WARNINGS AND PRECAUTIONS
Interstitial Lung Disease / Pneumonitis
Severe, life-threatening, or fatal interstitial lung disease (ILD), including pneumonitis, can occur in patients treated with ENHERTU. In clinical studies, of the 234 patients with unresectable or metastatic HER2-positive breast cancer treated with ENHERTU, ILD occurred in 9% of patients. Fatal outcomes due to ILD and/or pneumonitis occurred in 2.6% of patients treated with ENHERTU. Median time to first onset was 4.1 months (range: 1.2 to 8.3).

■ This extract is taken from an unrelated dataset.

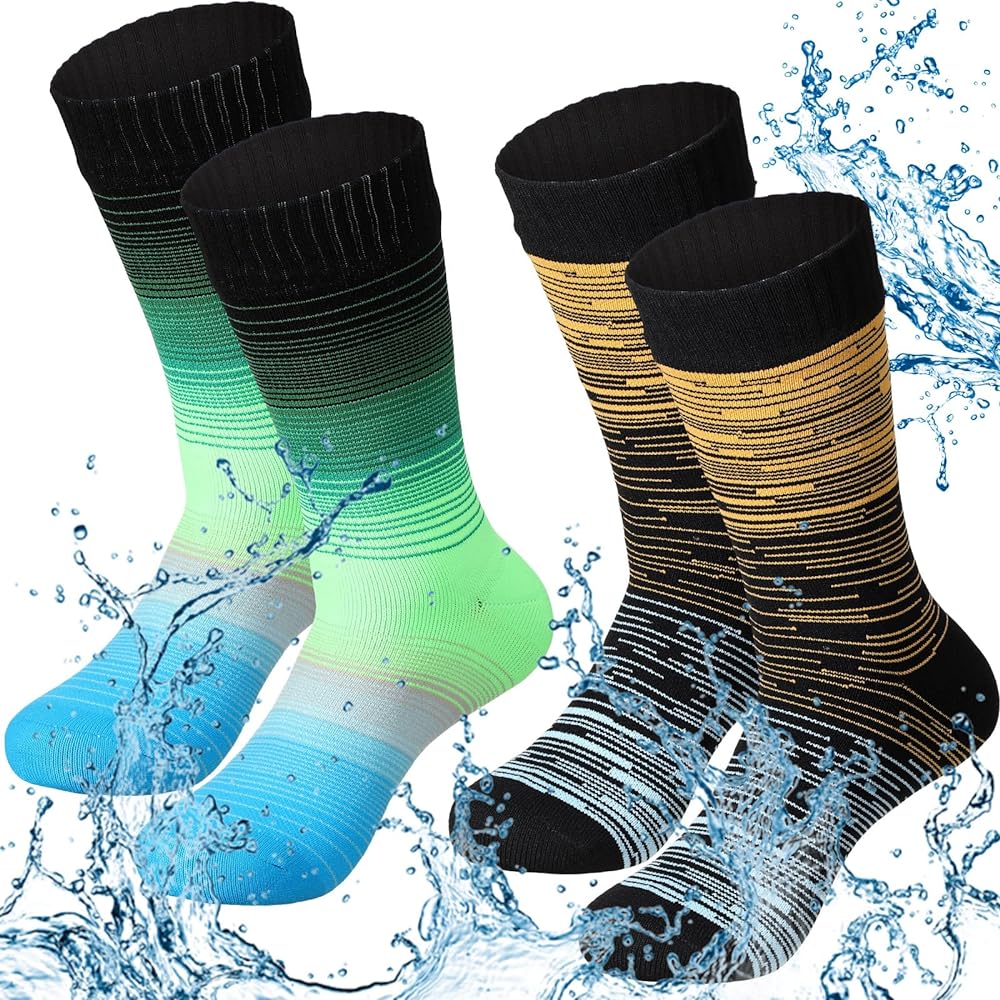 2 Pairs Waterproof Socks Unisex Waterproof Breathable Socks Outdoor Skiing Hiking Wading Fishing Socks for Men Women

Advise patients to immediately report cough, dyspnea, fever, and/or any new or worsening respiratory symptoms. Monitor patients for signs and symptoms of ILD. Promptly investigate evidence of ILD. Evaluate patients with suspected ILD by radiographic imaging. Consider consultation with a pulmonologist. For asymptomatic ILD/pneumonitis (Grade 1), interrupt ENHERTU until resolved to Grade 0, then if resolved in ≤28 days from date of onset, maintain dose. If resolved in >28 days from date of onset, reduce dose one level. Consider corticosteroid treatment as soon as ILD/pneumonitis is suspected (e.g., ≥0.5 mg/kg prednisolone or equivalent). For symptomatic ILD/pneumonitis (Grade 2 or greater), permanently discontinue ENHERTU. Promptly initiate corticosteroid treatment as soon as ILD/pneumonitis is suspected (e.g., ≥1 mg/kg prednisolone or equivalent). Upon improvement, follow by gradual taper (e.g., 4 weeks).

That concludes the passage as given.